Sonia wrote simply that he had at first shown no interest in her
visits, had almost been vexed with her indeed for coming, unwilling to
talk and rude to her. But that in the end these visits had become a
habit and almost a necessity for him, so that he was positively
distressed when she was ill for some days and could not visit him. She
used to see him on holidays at the prison gates or in the guard-room,
to which he was brought for a few minutes to see her. On working days
she would go to see him at work either at the workshops or at the
brick kilns, or at the sheds on the banks of the Irtish.

About herself, Sonia wrote that she had succeeded in making some
acquaintances in the town, that she did sewing, and, as there was
scarcely a dressmaker in the town, she was looked upon as an
indispensable person in many houses. But she did not mention that the
authorities were, through her, interested in Raskolnikov; that his
task was lightened and so on.

At last the news came (Dounia had indeed noticed signs of alarm and
uneasiness in the preceding letters) that he held aloof from everyone,
that his fellow prisoners did not like him, that he kept silent for
days at a time and was becoming very pale. In the last letter Sonia
wrote that he had been taken very seriously ill and was in the convict
ward of the hospital.


He was ill a long time. But it was not the horrors of prison life, not
the hard labour, the bad food, the shaven head, or the patched clothes
that crushed him. What did he care for all those trials and hardships!
he was even glad of the hard work. Physically exhausted, he could at
least reckon on a few hours of quiet sleep. And what was the food to
him--the thin cabbage soup with beetles floating in it? In the past as
a student he had often not had even that. His clothes were warm and
suited to his manner of life. He did not even feel the fetters. Was he
ashamed of his shaven head and parti-coloured coat? Before whom?
Before Sonia? Sonia was afraid of him, how could he be ashamed before
her? And yet he was ashamed even before Sonia, whom he tortured
because of it with his contemptuous rough manner. But it was not his
shaven head and his fetters he was ashamed of: his pride had been
stung to the quick. It was wounded pride that made him ill. Oh, how
happy he would have been if he could have blamed himself! He could
have borne anything then, even shame and disgrace. But he judged
himself severely, and his exasperated conscience found no particularly
terrible fault in his past, except a simple /blunder/ which might
happen to anyone.
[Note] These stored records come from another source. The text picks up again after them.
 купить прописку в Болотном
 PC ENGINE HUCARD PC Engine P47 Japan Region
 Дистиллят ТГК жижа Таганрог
He was ashamed just because he, Raskolnikov, had so
hopelessly, stupidly come to grief through some decree of blind fate,
and must humble himself and submit to "the idiocy" of a sentence, if
he were anyhow to be at peace.

Vague and objectless anxiety in the present, and in the future a
continual sacrifice leading to nothing--that was all that lay before
him. And what comfort was it to him that at the end of eight years he
would only be thirty-two and able to begin a new life! What had he to
live for? What had he to look forward to? Why should he strive? To
live in order to exist? Why, he had been ready a thousand times before
to give up existence for the sake of an idea, for a hope, even for a
fancy. Mere existence had always been too little for him; he had
always wanted more. Perhaps it was just because of the strength of his
desires that he had thought himself a man to whom more was permissible
than to others.

And if only fate would have sent him repentance--burning repentance
that would have torn his heart and robbed him of sleep, that
repentance, the awful agony of which brings visions of hanging or
drowning! Oh, he would have been glad of it! Tears and agonies would
at least have been life. But he did not repent of his crime.
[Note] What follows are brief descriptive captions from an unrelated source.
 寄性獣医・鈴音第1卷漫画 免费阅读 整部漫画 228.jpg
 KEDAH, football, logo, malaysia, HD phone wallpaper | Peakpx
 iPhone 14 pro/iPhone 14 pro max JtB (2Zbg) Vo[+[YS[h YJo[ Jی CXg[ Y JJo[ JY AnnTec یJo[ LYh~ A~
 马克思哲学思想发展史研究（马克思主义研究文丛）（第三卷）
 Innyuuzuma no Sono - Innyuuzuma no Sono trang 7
At least he might have found relief in raging at his stupidity, as he
had raged at the grotesque blunders that had brought him to prison.
But now in prison, /in freedom/, he thought over and criticised all
his actions again and by no means found them so blundering and so
grotesque as they had seemed at the fatal time.
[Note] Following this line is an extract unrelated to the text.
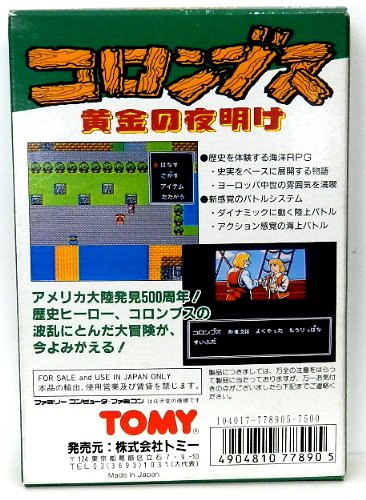 コロンブス 黄金の夜明けの関連画像1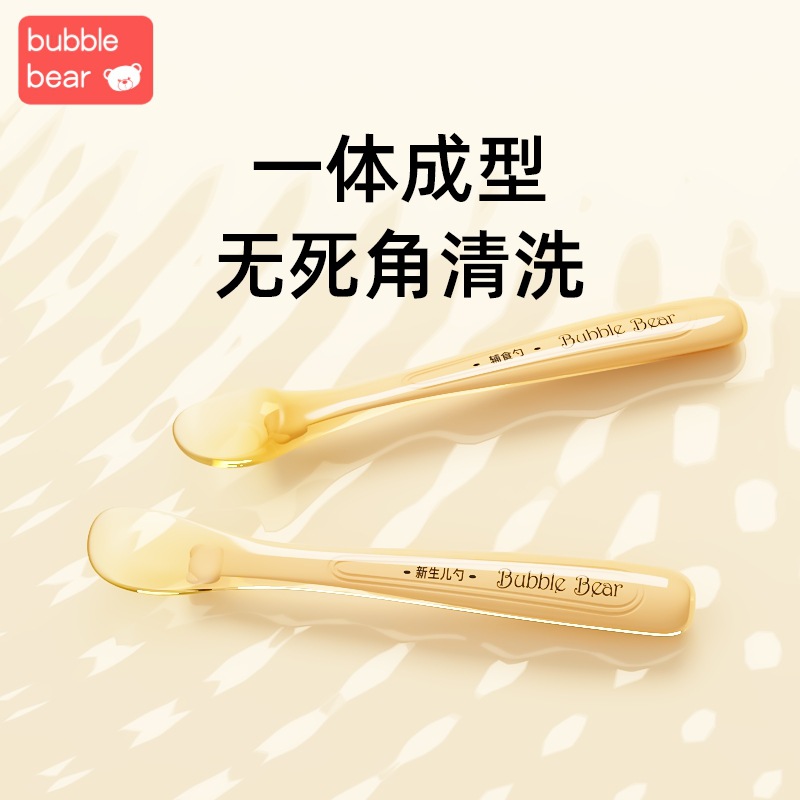 Boobie Bear Nano Silver Silicone Spoon Baby Soft Head Food Spoon Newborn Feeding Supplies Children's Tableware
"In what way," he asked himself, "was my theory stupider than others
that have swarmed and clashed from the beginning of the world? One has
only to look at the thing quite independently, broadly, and
uninfluenced by commonplace ideas, and my idea will by no means seem
so . . . strange. Oh, sceptics and halfpenny philosophers, why do you
halt half-way!"

"Why does my action strike them as so horrible?" he said to himself.
"Is it because it was a crime? What is meant by crime? My conscience
is at rest. Of course, it was a legal crime, of course, the letter of
the law was broken and blood was shed. Well, punish me for the letter
of the law . . . and that's enough. Of course, in that case many of
the benefactors of mankind who snatched power for themselves instead
of inheriting it ought to have been punished at their first steps. But
those men succeeded and so /they were right/, and I didn't, and so I
had no right to have taken that step."

It was only in that that he recognised his criminality, only in the
fact that he had been unsuccessful and had confessed it.

He suffered too from the question: why had he not killed himself? Why
had he stood looking at the river and preferred to confess? Was the
desire to live so strong and was it so hard to overcome it? Had not
Svidrigalov overcome it, although he was afraid of death?

In misery he asked himself this question, and could not understand
that, at the very time he had been standing looking into the river, he
had perhaps been dimly conscious of the fundamental falsity in himself
and his convictions. He didn't understand that that consciousness
might be the promise of a future crisis, of a new view of life and of
his future resurrection.

He preferred to attribute it to the dead weight of instinct which he
could not step over, again through weakness and meanness. He looked at
his fellow prisoners and was amazed to see how they all loved life and
prized it. It seemed to him that they loved and valued life more in
prison than in freedom. What terrible agonies and privations some of
them, the tramps for instance, had endured! Could they care so much
for a ray of sunshine, for the primeval forest, the cold spring hidden
away in some unseen spot, which the tramp had marked three years
before, and longed to see again, as he might to see his sweetheart,
dreaming of the green grass round it and the bird singing in the bush?
As he went on he saw still more inexplicable examples.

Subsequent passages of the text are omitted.